What happens after we come and see? We let it all sink in; hear God’s voice, we sing God’s praise, we are named anew, and astonishing things begin to happen.
And that is what happens here, in this space, week in, week out, as the body of Christ gathers for worship and prayer.
This Sunday and the next two Sundays, we will be gathering after coffee hour for talkback sessions about worship.
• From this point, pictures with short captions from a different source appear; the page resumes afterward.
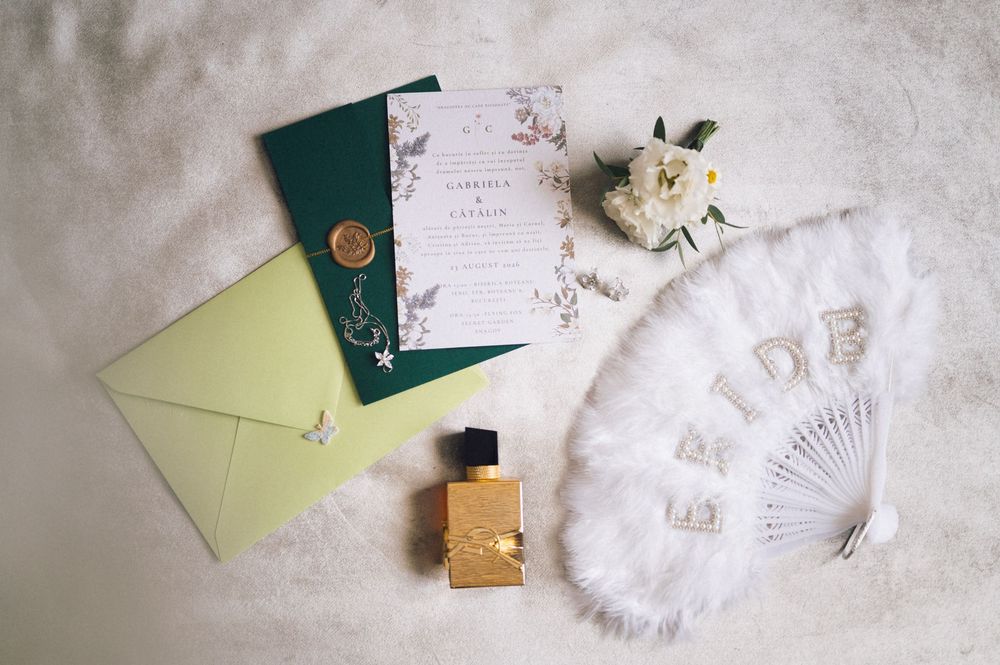 Elegant wedding flat lay with floral invitation, green envelopes, gold perfume bottle, white feather fan, and flower bouquet.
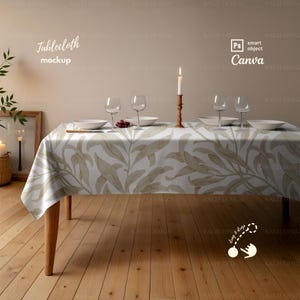 Op de afbeelding: Een rechthoekig tafelkleed met een beige en wit bladerpatroon bedekt een houten tafel. De tafel is gedekt met witte borden, wijnglazen en een brandende kaars. De tekst "Tablecloth mockup" staat linksboven.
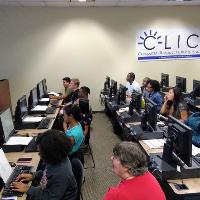 a computer lab with a number of students working on computers with an assistant watching
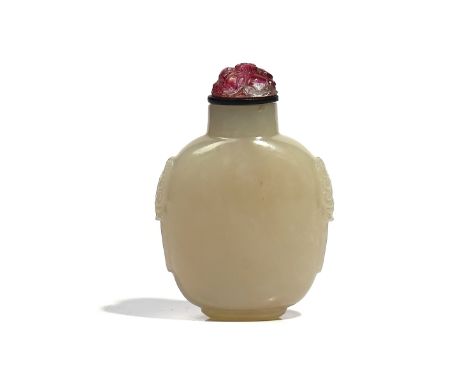 A CHINESE WHITE JADE SNUFF BOTTLEQing dynastyOf oval form with mock lion mask and ring handles, the stone of even milky tone,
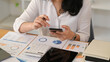 © Prathankarnpap - Young woman financial advisor using chatting online with her client on her mobile phone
The worship committee realized after we sent out the survey in the fall that there was room for some learning about the nuts and bolts of worship in the Anglican tradition and why we do what we do. One of the things we saw in the survey was that there were requests both for more space for reflection as part of our worship service and for more participation. These seem like contradictory goals, but as I’ve discovered while thinking about these themes this past week, they are really complementary, and deeply connected. In all our readings today, in our worship, and in our life as Christians, both reflective contemplation of our faith, and active participation in God’s praise and work, are essential. So the question is, how can we make room for both?
What do we do after we come and see?
We gather and we worship. Praise and prayer, song and silence. We assemble as the gathered body of Christ, and we bless the bread and, as St. Augustine said, behold what we are, in order to become what we receive. We are transformed by God’s presence in both reflection and participation. We are called, and named, and sent forth.
Are you seeking more space for contemplation? Or do you long to take action to bring about God’s will in the world?
Each of us is called to both, and both are welcome here. Come and see.